他们的孩子会把钱花在自己身上,孙辈会努力成为城市人,但第一代农民工还在坚持为家庭输血。2009 年的一项调研显示,在广东,65%—70% 的新生代农民工把收入用于个人消费,但 80%—90% 的第一代农民工还在把工资汇回家。

为了能稳定供给家庭,第一代农民工会主动放弃个人发展的机会——比如先投些钱,就可能做个小包工头——因为他们不敢冒险,怕失败了会倾家荡产。他们也会放弃为自己储蓄。
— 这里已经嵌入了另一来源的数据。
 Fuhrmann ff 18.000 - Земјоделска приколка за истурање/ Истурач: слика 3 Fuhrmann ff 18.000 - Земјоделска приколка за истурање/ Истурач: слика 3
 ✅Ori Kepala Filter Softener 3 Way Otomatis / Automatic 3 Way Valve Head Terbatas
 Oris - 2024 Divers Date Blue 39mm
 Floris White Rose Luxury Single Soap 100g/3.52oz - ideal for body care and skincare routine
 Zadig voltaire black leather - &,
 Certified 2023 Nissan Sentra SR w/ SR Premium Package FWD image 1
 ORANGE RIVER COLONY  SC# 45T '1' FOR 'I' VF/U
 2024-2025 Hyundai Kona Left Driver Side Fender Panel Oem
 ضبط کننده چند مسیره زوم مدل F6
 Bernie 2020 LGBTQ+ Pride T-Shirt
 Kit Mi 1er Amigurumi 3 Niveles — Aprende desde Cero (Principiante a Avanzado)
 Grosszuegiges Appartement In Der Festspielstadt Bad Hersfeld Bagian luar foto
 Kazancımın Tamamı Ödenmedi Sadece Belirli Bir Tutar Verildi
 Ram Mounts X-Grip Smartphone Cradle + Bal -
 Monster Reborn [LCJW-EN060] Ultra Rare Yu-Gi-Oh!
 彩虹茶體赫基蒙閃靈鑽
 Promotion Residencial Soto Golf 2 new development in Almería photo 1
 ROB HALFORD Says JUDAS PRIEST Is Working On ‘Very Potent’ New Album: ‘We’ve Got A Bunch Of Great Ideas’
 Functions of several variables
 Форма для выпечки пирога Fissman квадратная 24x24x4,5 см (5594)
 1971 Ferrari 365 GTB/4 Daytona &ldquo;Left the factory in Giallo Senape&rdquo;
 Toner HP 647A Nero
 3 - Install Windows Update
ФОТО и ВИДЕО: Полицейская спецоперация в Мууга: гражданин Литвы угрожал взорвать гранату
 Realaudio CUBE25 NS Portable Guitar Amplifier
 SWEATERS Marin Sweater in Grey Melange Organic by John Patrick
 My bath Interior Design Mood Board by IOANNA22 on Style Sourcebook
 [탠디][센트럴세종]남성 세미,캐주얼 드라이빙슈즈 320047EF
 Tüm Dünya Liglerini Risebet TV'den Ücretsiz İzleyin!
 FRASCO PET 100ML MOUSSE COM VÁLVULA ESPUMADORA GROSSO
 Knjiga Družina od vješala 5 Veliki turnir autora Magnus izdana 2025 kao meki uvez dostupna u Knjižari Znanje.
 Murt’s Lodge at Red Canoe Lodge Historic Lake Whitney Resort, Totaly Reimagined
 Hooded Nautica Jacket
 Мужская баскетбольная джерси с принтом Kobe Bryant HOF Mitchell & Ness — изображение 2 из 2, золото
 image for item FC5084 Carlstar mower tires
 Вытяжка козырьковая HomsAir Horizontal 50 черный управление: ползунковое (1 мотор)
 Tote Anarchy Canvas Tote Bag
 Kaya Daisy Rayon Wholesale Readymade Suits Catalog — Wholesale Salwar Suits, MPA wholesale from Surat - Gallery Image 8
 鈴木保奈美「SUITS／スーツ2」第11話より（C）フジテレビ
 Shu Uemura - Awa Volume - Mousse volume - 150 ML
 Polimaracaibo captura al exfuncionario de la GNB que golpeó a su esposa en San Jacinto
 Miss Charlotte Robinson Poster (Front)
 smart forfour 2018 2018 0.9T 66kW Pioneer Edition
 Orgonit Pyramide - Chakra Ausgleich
要到 60 岁,完成对子代的任务了,才开始为自己攒钱。

他们把希望寄托在下一代身上,想让他们不再重复打工的命运。

但结果,他们的孩子大部分初高中就辍学了,读到大专及以上的不到 20%。63.5% 的孩子成为了下一代农民工。进入党政机关、事业单位的仅 5.1%,自己创业的仅 2.9%。

与第一代农民工对应,他们的孩子或许可以被称为第一代留守儿童。这两代人都没有什么选择,父母为了生计只能外出务工,孩子也不得不留守农村。访谈中聊到孩子,第一代农民工大都说自己认了命,“孩子不是读书的料”。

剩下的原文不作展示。